Every large lab, the ones that can actually reproduce results, has decades of specialist code that does not interface with anything outside the lab. Providing the source code is then as useful as giving a binary print out of an executable for an OS you've never seen before.
It can tell, however, exactly where the error lies (if the error is in software at all). Like a math teacher that can circle where the student made a mistake in an exam.
However, reproducibility is a precondition to automation, and automation is a real nice thing to have.
IMO there is a big fallacy about the "just get it to work" approach. Most serious scientific code, i.e. supporting months-years of research, is used and modified a lot. It's also not really one-off, it's a core part of a dissertation, or research program, if it fails- you do. I'd argue that (and I found that), using unit-tests, a deployment strategy, etc. ultimately allowed me to do more, and better science because in the long run I didn't spend as much time figuring out why my code didn't run when I tweaked stuff. This is really liberating stuff. I suspect this is all obvious to those who have gone down that path.

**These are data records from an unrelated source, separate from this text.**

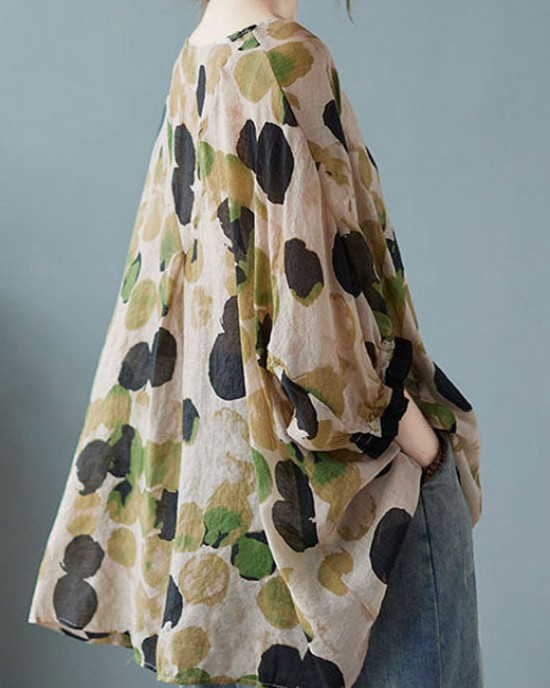 Plus Size Green O-Neck Dot Half Sleeve Shirts Plus Size Green O-Neck Dot Half Sleeve Shirts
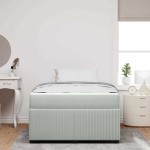 vidaXL Cadru de pat cu saltea Gri deschis 120 x 200 cm Catifea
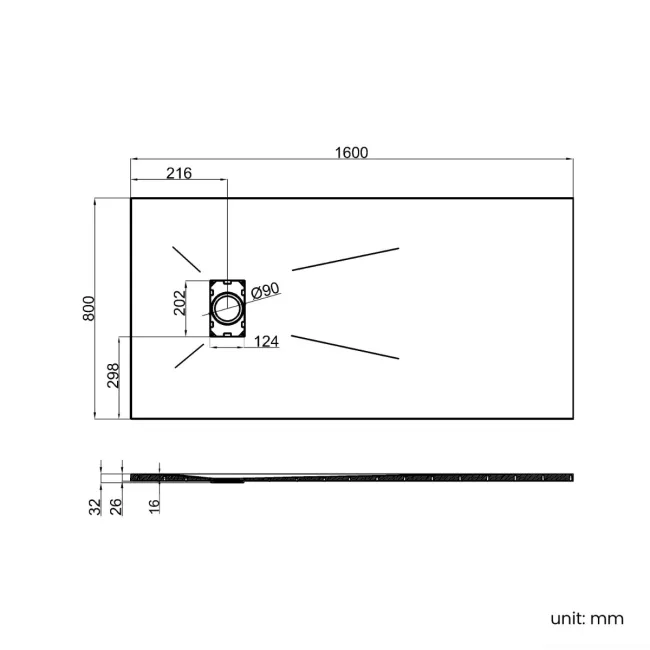 Berlin Rectangular Matt Black Slate Effect SMC Composite Shower Tray 1600x800mm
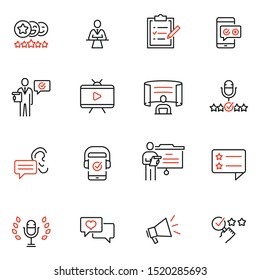 Vector set of linear icons related to Opinion Leader, Review, Expertise. Mono line pictograms and infographics design elements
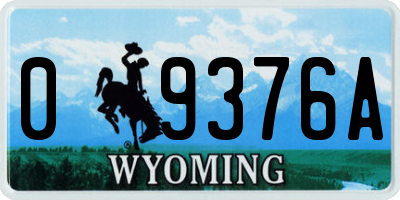WY license plate 09376A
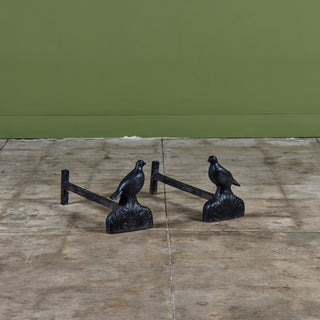 Pair of Cast Iron Bird Andirons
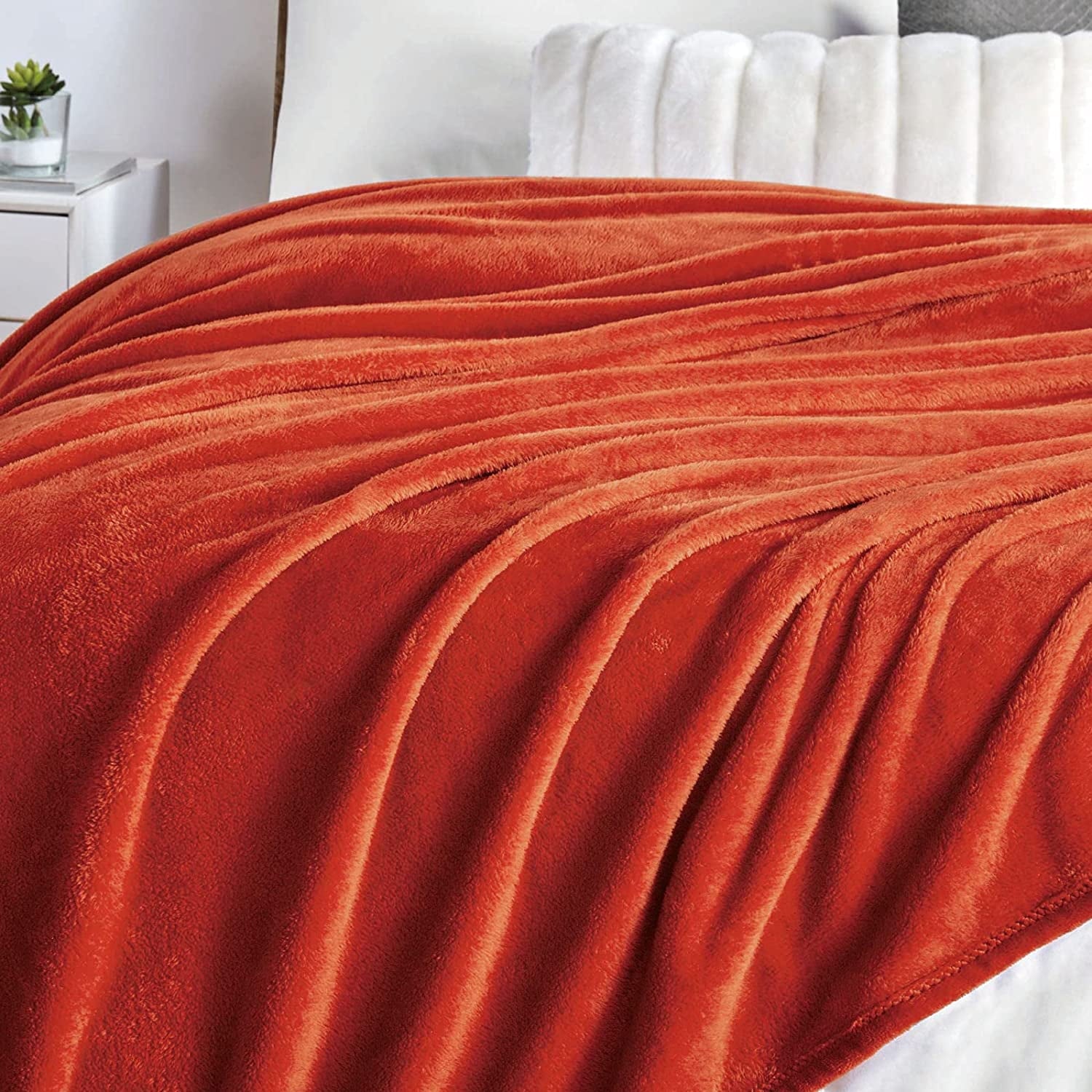 Walensee Ultra Soft Microplush Fleece Throw Blanket, 50" x 60", Orange, Machine Washable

Frankly, every reasonably tricky problem benefits from unit-tests as well for another reason. Don't know how to code it, but know the answer? Assert lots of stuff, not just one at a time red-green style. Then code, and see what happens. So powerful for scientific approaches.
https://smw.ch/article/doi/smw.2020.20336
It was 2000, so I wrote a cgi-bin in Python (2?) with a MySQL backend. The menu was stored in MySQL, as were the orders. I occasionally check back to see if it's still running, and it is- a few code changes to port to Python3, a data update since they changed vendors, and a mysql update or two as well.
It's not much but at least it was honest work.
Often it is a mixture of different (and evolving) versions of different scripts and programs, with manual steps in between. Often one starts the calculation with one version of the code, identifies edge cases where it is slow or inaccurate, develops it further while the calculations are running, does the next step (or re-does a previous one) with the new version, possibly modifying intermediate results manually to fit the structure of the new code, and so on -- the process it interactive, and not trivially repeatable.
So the set of code one has at the end is not the code the results were obtained with: it is just the code with the latest edge case fixed. Is it able to reproduce the parts of the results that were obtained before it was written? One hopes so, but given that advanced research may take months of computer time and machines with high memory/disk/CPU/GPU/network speed requirements only available in a given lab -- it is not at all easy to verify.
The kind of interaction you're describing should be frowned upon. It requires the audience to trust the manual data edits are no different than rerunning the analysis. But the researcher should just rerun the analysis.
Also, mixing old and new results is a common problem in manually updated papers. It can be avoided by using reproducible research tools like R Markdown.
Reproducibility isn't usually about having a button to press that magically gives you the researchers' results. It's also not always a set of perfect instructions. More often it is a documentation of what happen and what was observed as the researcher's believe is important to the understanding of the research questions. Sometimes we don't know what's important to document so we try to document as much as possible. This isn't always practical and sometimes it is obviously unnecessary.